Developing a match-making algorithm between customers and Go-Jek products!

20+ products. Millions of active customers. Insane amount of data and complex domain. Come join me in this talk to know the journey we at Gojek took to predict which of our products a user is most likely to use next.

A major problem we faced, as a company, was targeting our customers with promos and vouchers that were relevant to them. We developed a generalized model that takes into account the transaction history of users and gives a ranked list of our services that they are most likely to use next. From here on, we are able to determine the vouchers that we can target these customers with.

In this talk, I will be talking about how we used recommendation engines to solve this problem, the challenges we faced during the time and the impact it had on our conversion rates. I will also be talking about the different iterations we went through and how our problem statement evolved as we were solving the problem.

 
 

Outline/Structure of the Talk

  1. Introduction to me and GoJek: 1 Min
  2. What is customer targeting? : 1 Min
  3. Defining the problem statement: 3 Min
  4. Iterations to solve the problem:
    1. Iteration 1: Classification: 2 Min
    2. Iteration 2: Recommendation Systems: 4 Min
      1. What is a recommendation system?
      2. How does it fit into our problem?
      3. Brief detail about different ways to build a recommendation engine
  5. Challenges Faced: 5 Min
    1. Choosing between algorithms.
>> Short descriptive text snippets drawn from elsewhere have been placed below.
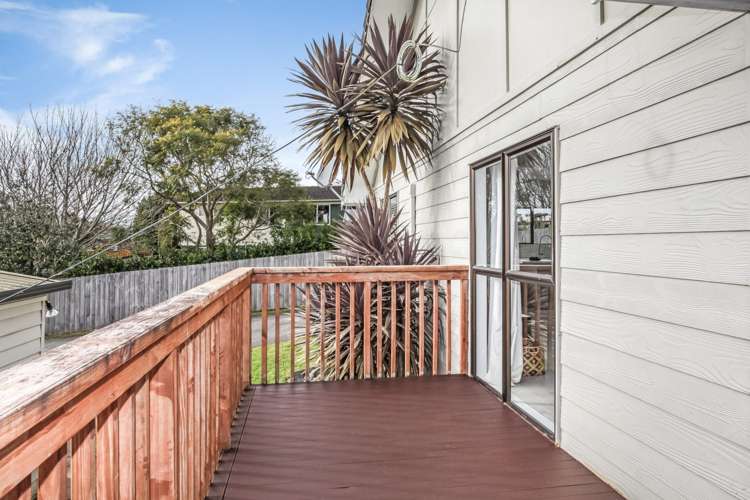 52 Elizabeth Street Tuakau_16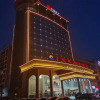 Отель Huayue Triumph Hotel, фото 5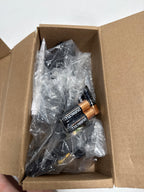 Kwikset Hc620cntzw700lr-S Home Connect Contemporary Keyless Entry Electronic Keypad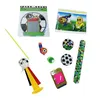 Fußball Wundertüte Kinder gefüllt, Mitgebsel Produktbild-Vorschau 5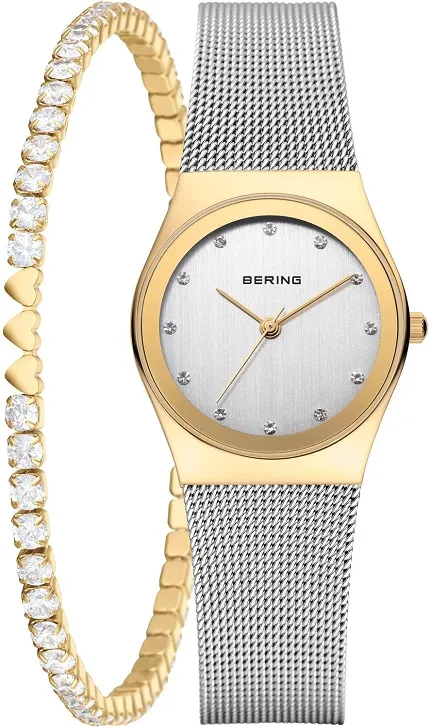 Bering 12927-001-GWP - zdjęcie 1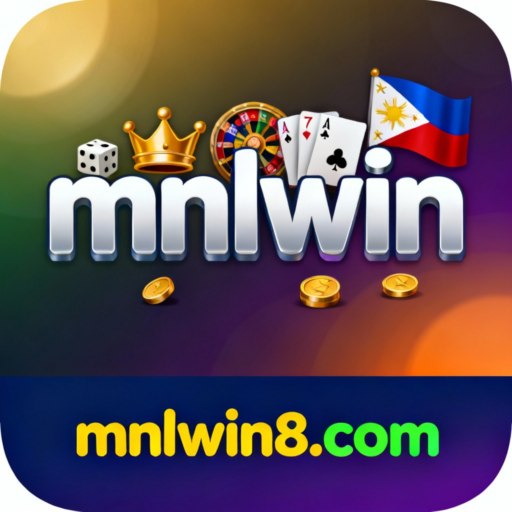 mnlwin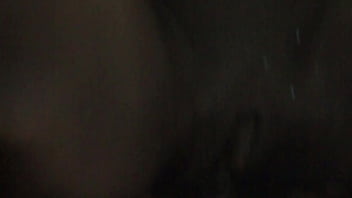 Chupei a minha colega de trabalho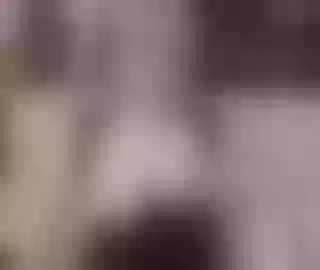 Live sex webcam photo for EveSquirt #23166405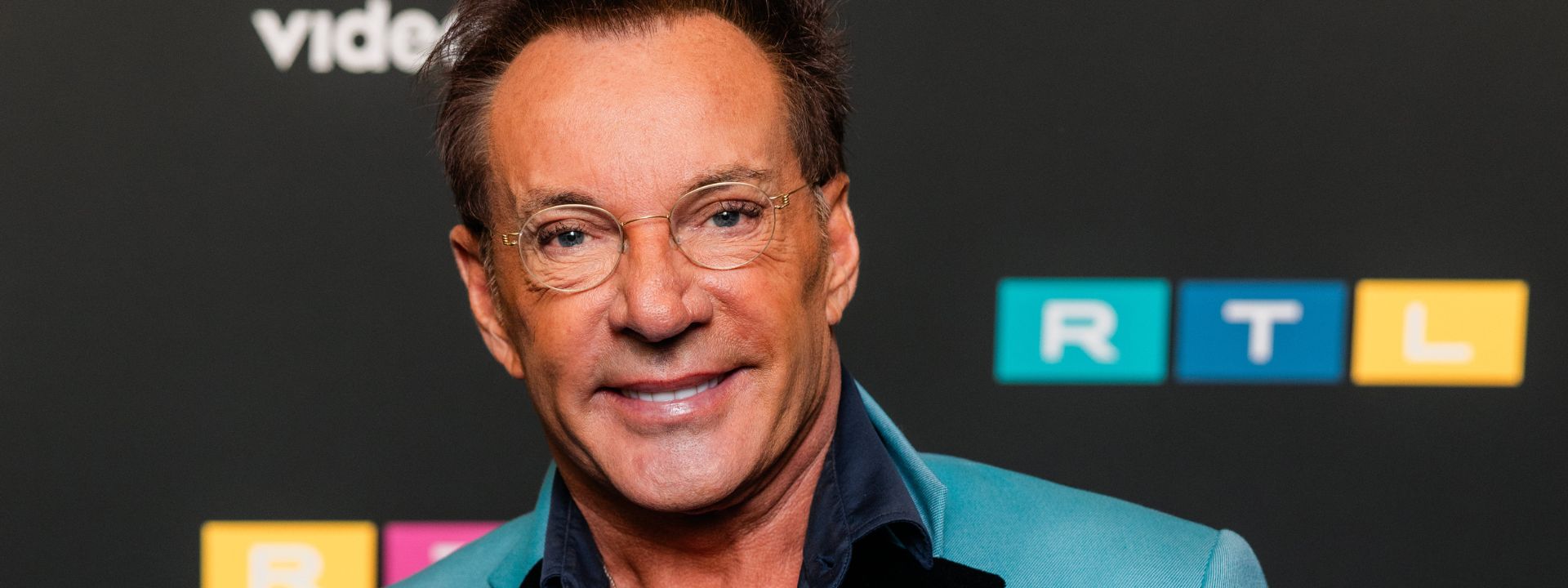 Gerard Joling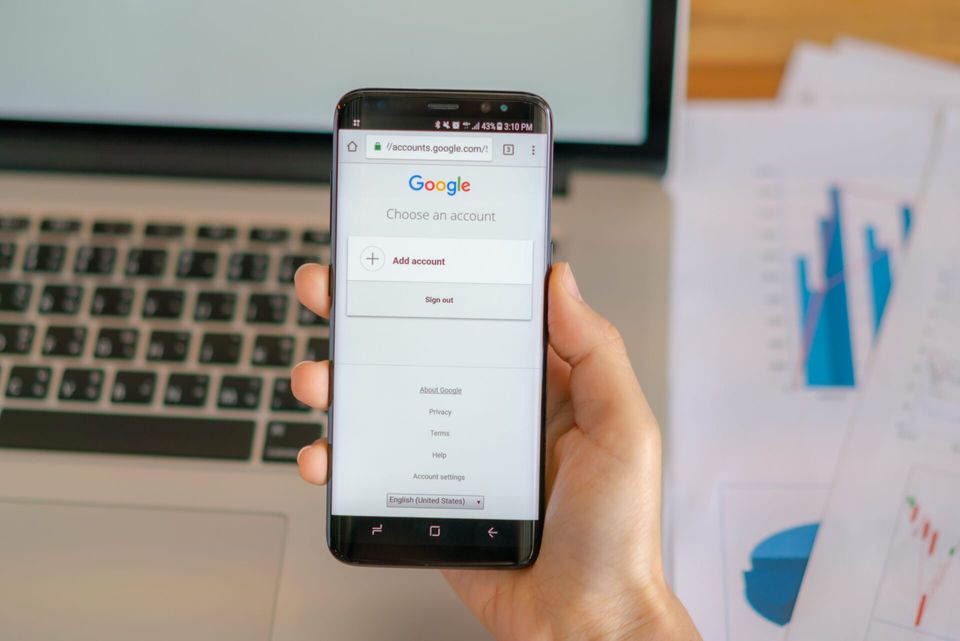 6 dicas para não errar no Googles Ads e ter resultados melhores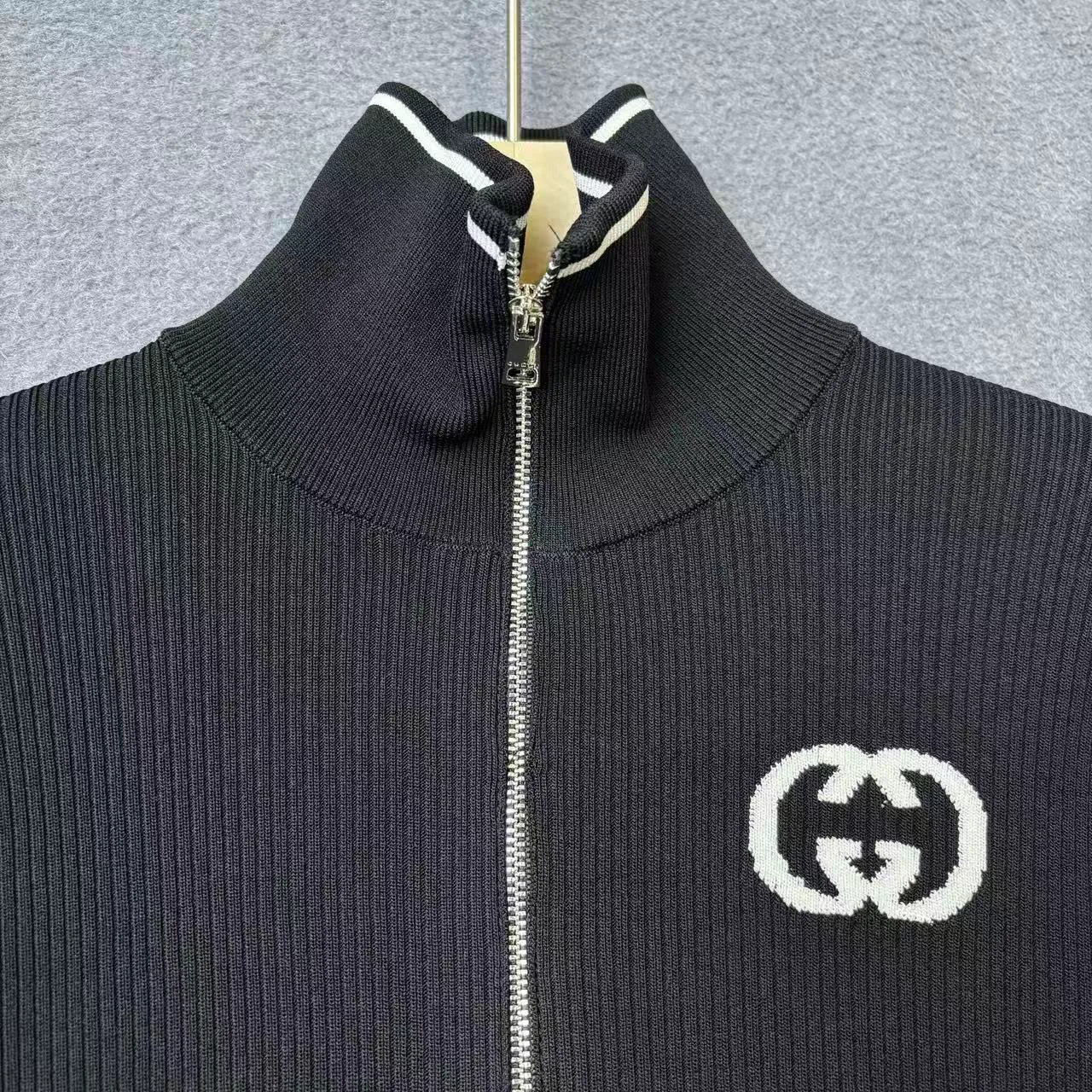 Жакеты Женские Gucci 11656876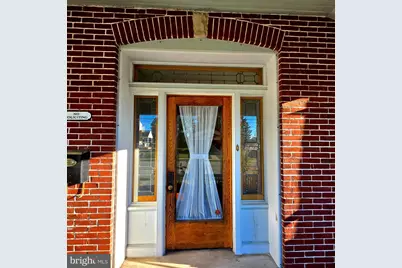 128 North Street, Mc Sherrystown, PA 17344 - Photo 7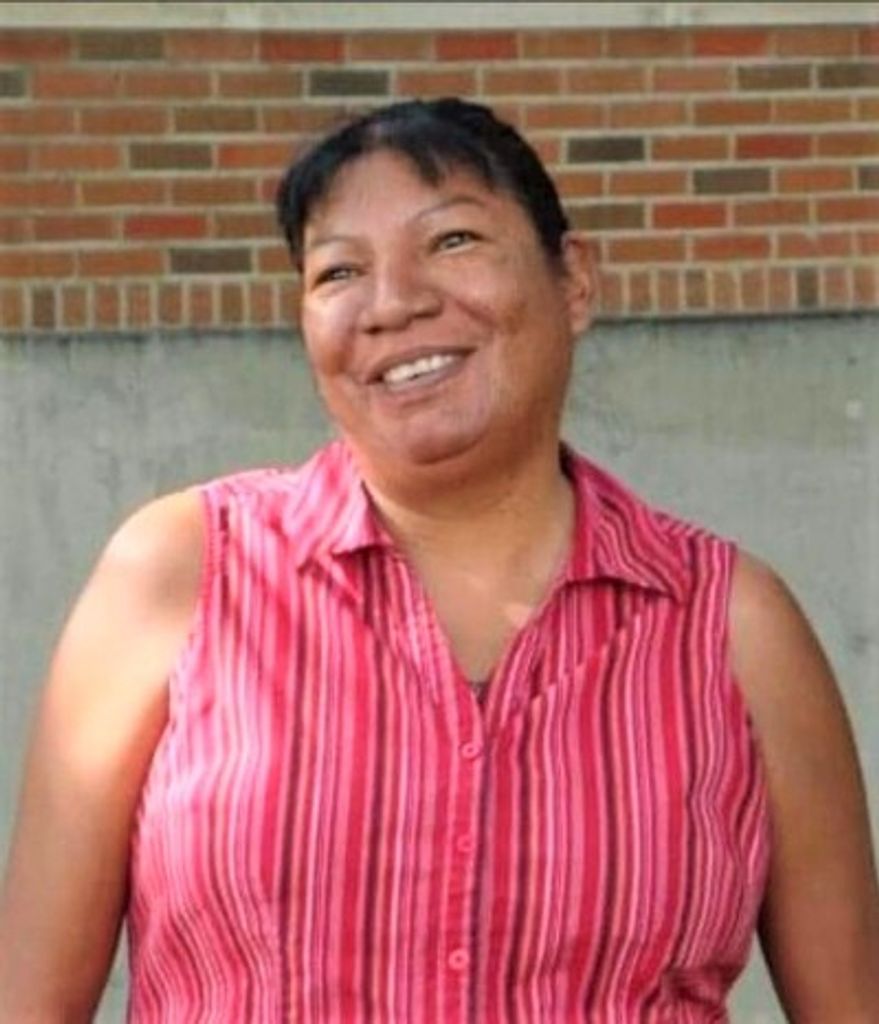 Ann Marie Denny Profile Photo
KNN vs Matric Factorisation.
    2. Choosing the Optimisation Technique for Matrix Factorisation. SVD vs ALS
    3. Dealing with the huge size of the utility matrix and Reducing training time
    4. Dealing with implicit data. Converting implicit data into explicit data
  6. Workflow: 1 Min
  7. Impact and Results: 1 Min
  8. QnA. : 2 Min

Learning Outcome

1. Learn how to apply recommendation systems to customer targeting problems.

2. Experience the vastness of data we have at Go-Jek and how we deal with the scale.

Target Audience

Data Scientists, Product Managers

Prerequisites for Attendees

Basic knowledge about Data Science and Machine Learning algorithms is required.

schedule Submitted 6 months ago

Public Feedback

comment Suggest improvements to the Author
  • Ashay Tamhane
    By Ashay Tamhane  ~  5 months ago
    reply Reply

    Hi Gunjan, thanks for the proposal. One of the important learning outcomes you mention is "Experience the vastness of data we have at Go-Jek and how we deal with the scale". Could you kindly let us know which points in the outline cover this particular aspect? Thanks.

    • Gunjan Dewan
      By Gunjan Dewan  ~  5 months ago
      reply Reply

      Hi Ashay,

      Thanks for your comment!

      This will be covered in the 'Challenges Faced' point from the outline.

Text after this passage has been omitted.